Wednesday 19 January 2011

Using GB postcodes

As mentioned in the last post I have been looking at the Code-Point Open data supplied as part of the Opendata released by Ordnance Survey. The data describes the centroids for each postcode which is given as a list of post codes for England, Scotland and Wales. There are about 1.7 million post codes in the dataset, broken up into CSV files, one for each top level code such as HU. Each file has a lot of fields with no data or dummy data in them, but the postcode and the easting and northing are what I need. 

I wanted to make an overlay displaying the postcode centroids to see if they would be useful in working out the postcode for OSM addresses. Postcodes are part of the jealously-guarded Royal Mail database, sold as the PAF, which makes a couple of million pounds profit each year for Royal Mail. I would have liked to the detailed address data or at least the polygon that a postcode covers but the centroids are the best we have for now.

The process of making an overlay started by converting the OS eastings and northings to longitude and latitude. The original file is pruned to remove the excess and then I used gdaltransform to make the conversion, using the the OSGB datum EPSG:27700, before loading this into a database table.

Next I set about drawing a transparent set of tiles to use. I wanted to draw a dot for the centroid and the postcode as text beneath it. If I retrieve a list of centroids for the tile then any point close to the edge of a tile would have text that extends beyond the edge. The next-door tile, however, wouldn't know about that centroid so the text would be cut off. The simple way to deal with this is to draw each tile a bit bigger retrieving data for a larger area, draw the centroids and text then trim each tile to it's proper size. That way the text for points close to an edge will appear on tiles either side of the edge.

I rendered a set of zoom level 16 tiles for my local area and took a look to see how useful the centroid information is. It varies. For some roads the postcode is obvious from the centroid, some it is not clear where a postcode changes. I think it is of some use, so I pressed on.

I did not want to fill my on-line disk space with tiles that might not get used, so I decided to try creating the tiles on the fly to see if the response would be good enough. It is pretty good and local caching of the tiles helps too. I did have a small problem with the HTTP headers not wanting to work, but now that is sorted out. I can load the tiles as an overlay http://www.raggedred.net/codepoint/ and they work as a layer in JOSM and Potlatch 2 by using http://www.raggedred.net/tiles/codepoint as the place to get the tiles from.
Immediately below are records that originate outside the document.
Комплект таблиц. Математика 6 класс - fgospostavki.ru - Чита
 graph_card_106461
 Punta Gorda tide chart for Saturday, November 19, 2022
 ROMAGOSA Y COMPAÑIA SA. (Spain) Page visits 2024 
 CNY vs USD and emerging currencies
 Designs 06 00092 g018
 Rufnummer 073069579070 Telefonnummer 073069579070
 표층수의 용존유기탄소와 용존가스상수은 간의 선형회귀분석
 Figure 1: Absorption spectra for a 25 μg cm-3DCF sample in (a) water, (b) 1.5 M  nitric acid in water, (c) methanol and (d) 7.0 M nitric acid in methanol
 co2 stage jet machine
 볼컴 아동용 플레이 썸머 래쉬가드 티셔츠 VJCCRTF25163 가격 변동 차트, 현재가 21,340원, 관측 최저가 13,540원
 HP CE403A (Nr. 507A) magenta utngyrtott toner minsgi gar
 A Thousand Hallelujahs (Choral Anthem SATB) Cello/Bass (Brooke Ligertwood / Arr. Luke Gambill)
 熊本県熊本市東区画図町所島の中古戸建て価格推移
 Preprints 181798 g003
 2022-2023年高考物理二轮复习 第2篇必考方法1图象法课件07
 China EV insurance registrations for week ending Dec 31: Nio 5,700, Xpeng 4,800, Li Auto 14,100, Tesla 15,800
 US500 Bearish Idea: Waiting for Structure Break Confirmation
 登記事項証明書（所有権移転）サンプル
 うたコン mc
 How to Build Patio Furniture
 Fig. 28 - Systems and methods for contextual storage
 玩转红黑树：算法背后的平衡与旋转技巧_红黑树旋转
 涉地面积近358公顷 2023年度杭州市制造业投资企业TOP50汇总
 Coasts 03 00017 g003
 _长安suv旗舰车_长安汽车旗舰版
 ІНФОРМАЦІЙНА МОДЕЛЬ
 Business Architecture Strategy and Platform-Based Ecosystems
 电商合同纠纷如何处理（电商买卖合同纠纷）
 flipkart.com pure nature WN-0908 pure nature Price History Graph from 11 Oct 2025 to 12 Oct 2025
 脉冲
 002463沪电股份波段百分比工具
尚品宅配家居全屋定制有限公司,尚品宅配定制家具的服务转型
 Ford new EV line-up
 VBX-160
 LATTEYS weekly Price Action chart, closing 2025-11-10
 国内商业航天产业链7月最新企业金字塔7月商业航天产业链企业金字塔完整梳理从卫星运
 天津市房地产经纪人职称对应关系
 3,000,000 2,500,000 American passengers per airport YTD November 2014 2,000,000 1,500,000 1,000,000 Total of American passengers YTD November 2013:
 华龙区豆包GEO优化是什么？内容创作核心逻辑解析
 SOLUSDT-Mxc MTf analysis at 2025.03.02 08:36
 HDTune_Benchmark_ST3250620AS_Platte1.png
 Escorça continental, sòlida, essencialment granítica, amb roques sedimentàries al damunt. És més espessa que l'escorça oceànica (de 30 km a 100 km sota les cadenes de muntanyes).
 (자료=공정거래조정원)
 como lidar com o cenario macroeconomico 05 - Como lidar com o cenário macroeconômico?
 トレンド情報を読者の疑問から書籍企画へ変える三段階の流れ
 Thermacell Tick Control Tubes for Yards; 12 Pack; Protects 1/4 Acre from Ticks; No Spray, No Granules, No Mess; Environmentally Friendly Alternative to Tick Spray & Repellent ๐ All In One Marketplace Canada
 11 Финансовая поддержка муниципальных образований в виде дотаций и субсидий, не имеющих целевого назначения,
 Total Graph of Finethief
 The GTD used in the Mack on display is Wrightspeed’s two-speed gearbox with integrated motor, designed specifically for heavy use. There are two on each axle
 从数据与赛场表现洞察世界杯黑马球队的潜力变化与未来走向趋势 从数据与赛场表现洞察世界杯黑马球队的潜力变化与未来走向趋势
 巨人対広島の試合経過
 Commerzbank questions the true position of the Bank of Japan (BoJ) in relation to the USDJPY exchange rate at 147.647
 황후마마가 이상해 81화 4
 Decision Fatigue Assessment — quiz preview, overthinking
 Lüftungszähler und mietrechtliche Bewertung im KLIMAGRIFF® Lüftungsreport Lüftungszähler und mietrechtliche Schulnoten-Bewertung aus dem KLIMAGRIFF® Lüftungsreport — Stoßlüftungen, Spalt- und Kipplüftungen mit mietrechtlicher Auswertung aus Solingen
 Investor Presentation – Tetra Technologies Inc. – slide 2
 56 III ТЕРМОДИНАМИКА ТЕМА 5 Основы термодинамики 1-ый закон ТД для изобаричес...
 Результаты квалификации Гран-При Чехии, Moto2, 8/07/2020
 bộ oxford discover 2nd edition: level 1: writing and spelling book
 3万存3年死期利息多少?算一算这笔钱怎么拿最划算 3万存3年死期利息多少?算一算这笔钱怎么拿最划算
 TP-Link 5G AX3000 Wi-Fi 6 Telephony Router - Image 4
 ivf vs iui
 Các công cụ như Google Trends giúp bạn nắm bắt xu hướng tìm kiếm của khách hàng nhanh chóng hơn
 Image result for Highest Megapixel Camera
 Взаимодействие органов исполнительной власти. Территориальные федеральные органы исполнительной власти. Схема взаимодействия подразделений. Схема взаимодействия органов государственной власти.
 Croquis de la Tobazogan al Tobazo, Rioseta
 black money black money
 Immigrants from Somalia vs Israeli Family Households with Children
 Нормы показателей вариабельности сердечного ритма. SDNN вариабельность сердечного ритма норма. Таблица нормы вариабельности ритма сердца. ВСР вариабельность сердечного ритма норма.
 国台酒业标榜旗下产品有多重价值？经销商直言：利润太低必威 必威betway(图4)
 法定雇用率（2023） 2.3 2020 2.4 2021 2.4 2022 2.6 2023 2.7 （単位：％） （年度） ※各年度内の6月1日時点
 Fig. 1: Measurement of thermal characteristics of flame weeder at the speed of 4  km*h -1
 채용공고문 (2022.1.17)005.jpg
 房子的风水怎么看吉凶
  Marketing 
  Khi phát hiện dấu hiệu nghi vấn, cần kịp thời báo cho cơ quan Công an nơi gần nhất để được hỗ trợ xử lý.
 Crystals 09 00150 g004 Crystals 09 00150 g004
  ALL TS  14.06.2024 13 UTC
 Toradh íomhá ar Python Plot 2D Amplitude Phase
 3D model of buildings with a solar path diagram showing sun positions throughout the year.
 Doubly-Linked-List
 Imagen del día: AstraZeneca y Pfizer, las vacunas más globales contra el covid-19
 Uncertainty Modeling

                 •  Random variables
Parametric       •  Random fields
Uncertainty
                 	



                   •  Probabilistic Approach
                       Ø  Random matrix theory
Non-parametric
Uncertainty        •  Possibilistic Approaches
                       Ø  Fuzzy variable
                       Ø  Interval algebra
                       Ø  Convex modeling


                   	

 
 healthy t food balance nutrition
I have only loaded the HU postcode area so far so, I will need to load areas for other areas if people want them. I do hope no one uses this to enter centroids into OSM, which seems a pointless exercise to me, but it might help people work out post codes for addressing.

4 comments:

naesk said...

Hi Chris

I believe this dataset be of any use to you http://www.doogal.co.uk/UKPostcodes.php?Search=HU

Chris Hill said...

Thanks Sean.
The postcode data on doogal is the same source as we already have. Their estimates of the addresses seem a bit out, probably because they are calculated automatically. Accurately pinning down the postcode for a real address is the part that needs a survey on the ground.

The actual address data was not released as part of OS OpenData, only the postcode centroids so I wonder where they got that from.

Irma said...

Hi Chris, I am trying to do exactly the same. Can you tell me how you managed to transform the data to long/lat? When I run the command: gdaltransform -s_srs EPSG:27700 -t_srs EPSG:4326 I get the error:
ERROR 6: EPSG PCS/GCS code 27700 not found in EPSG support files. Is this a val
id
EPSG coordinate system?
Many Thanks,
Irma

Chris Hill said...

Irma,
The command line I use is:

gdaltransform -t_srs WGS84 -s_srs 'EPSG:27700' < ext.txt > lonlat.txt

I create an extract of just northings and eastings for each centroid (ext.txt) wizz them through this command and then merge the lonlat.txt file back to the other data. A bit messy but it works well.